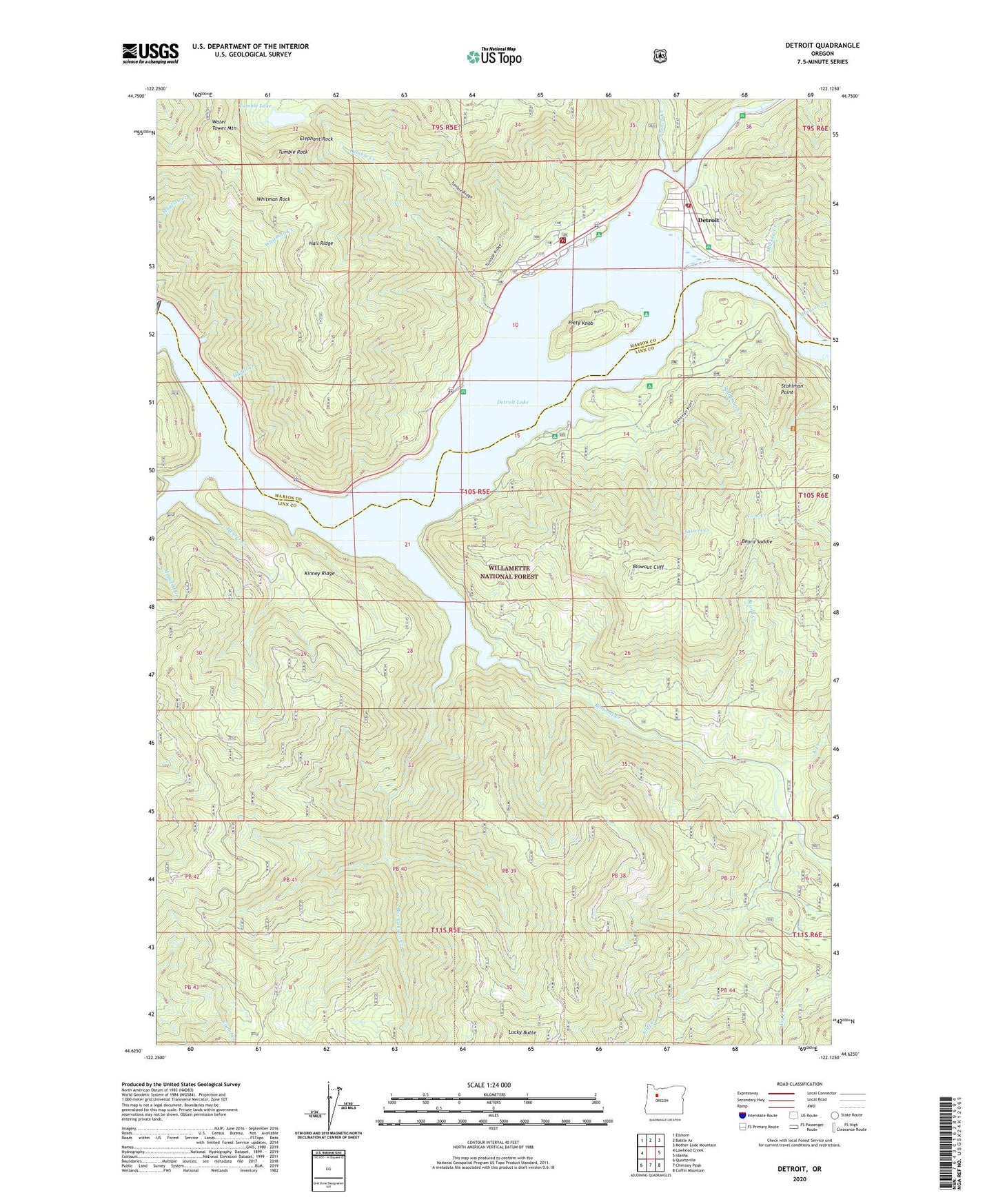 Detroit Oregon US Topo Map Image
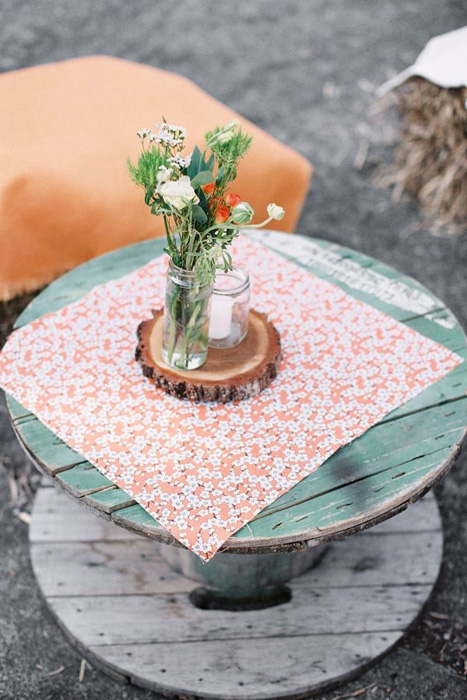 wooden spool coffee table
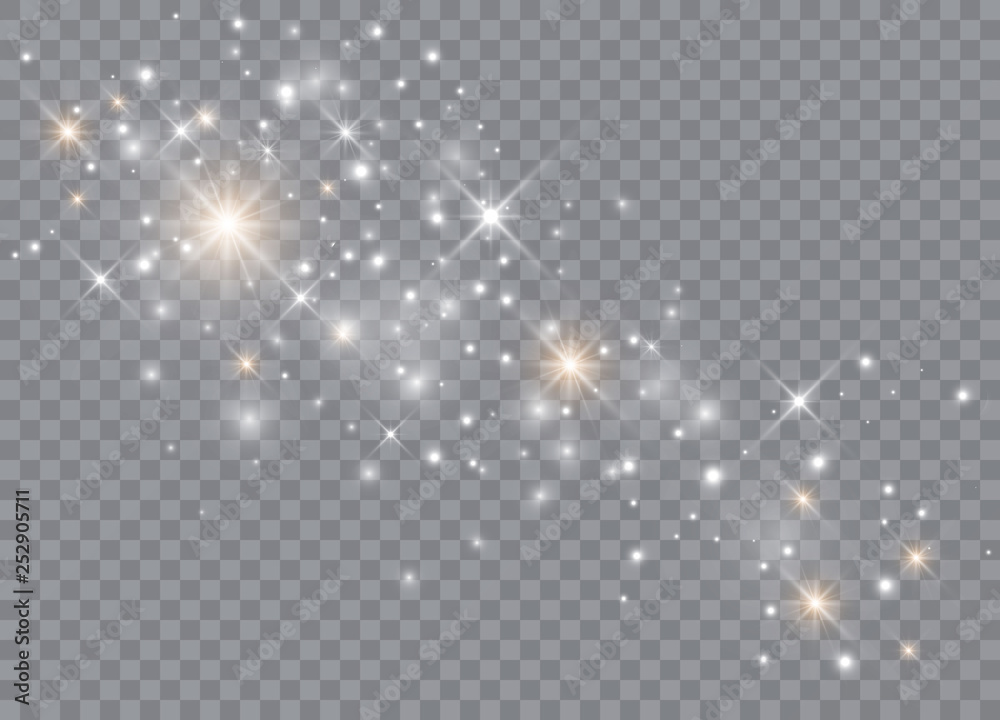 Wall mural sparks glitter special light effect. vector sparkles on transparent background. christmas abstract p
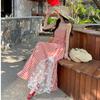 French Sweet Vacation Plaid Lace Splicing Tube Top Dress, Summer New Temperament Waist and Thin Medium and Long Dress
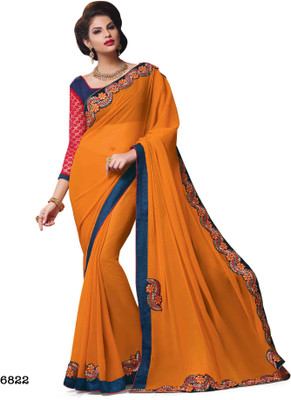 

Ridham Sarees Embroidered Hand Batik Pure Chiffon Saree(Multicolor)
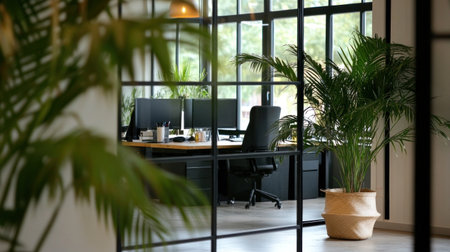 A modern office space with glass walls, large windows, and desks arranged in an open layout. The room is well-lit by natural light from the windows, creating a bright atmosphere. The office is currently unoccupied. --chaos 30 --ar 16:9 --v 6.1 Job ID: a65454f2-380c-48a7-8773-a2bcbd979adaの素材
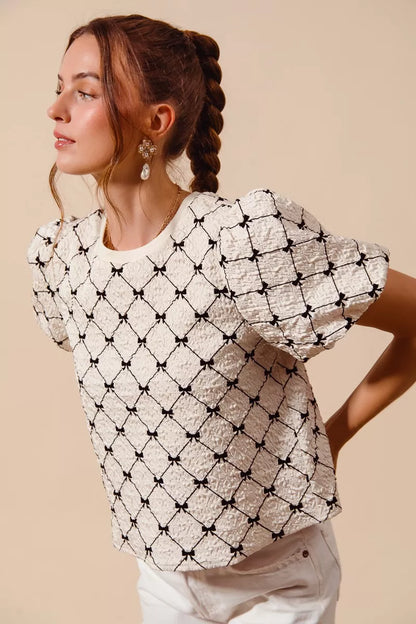bow texture woven So Me Bow Texture Woven Bubble Sleeve Top view 5 (top) - shop at us.meeeshop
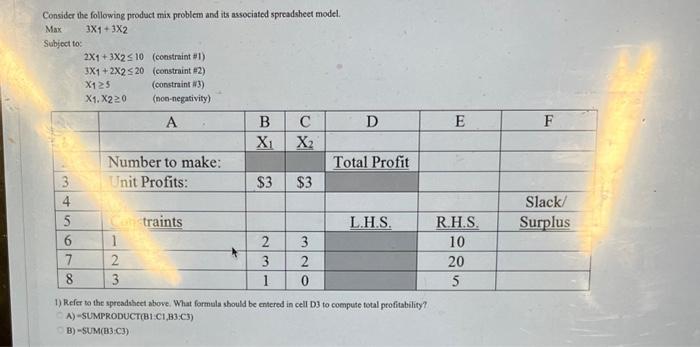 Consider the following product mix problem and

- _Your objective_:
From the first line to the last, copy the listing above exactly and leave out the images.

- _The completed task_:
 Detroit Oregon US Topo Map Image
 wooden spool coffee table
 Wall mural sparks glitter special light effect. vector sparkles on transparent background. christmas abstract p
 French Sweet Vacation Plaid Lace Splicing Tube Top Dress, Summer New Temperament Waist and Thin Medium and Long Dress

Ridham Sarees Embroidered Hand Batik Pure Chiffon Saree(Multicolor)
 A modern office space with glass walls, large windows, and desks arranged in an open layout. The room is well-lit by natural light from the windows, creating a bright atmosphere. The office is currently unoccupied. --chaos 30 --ar 16:9 --v 6.1 Job ID: a65454f2-380c-48a7-8773-a2bcbd979adaの素材
bow texture woven So Me Bow Texture Woven Bubble Sleeve Top view 5 (top) - shop at us.meeeshop
 Consider the following product mix problem and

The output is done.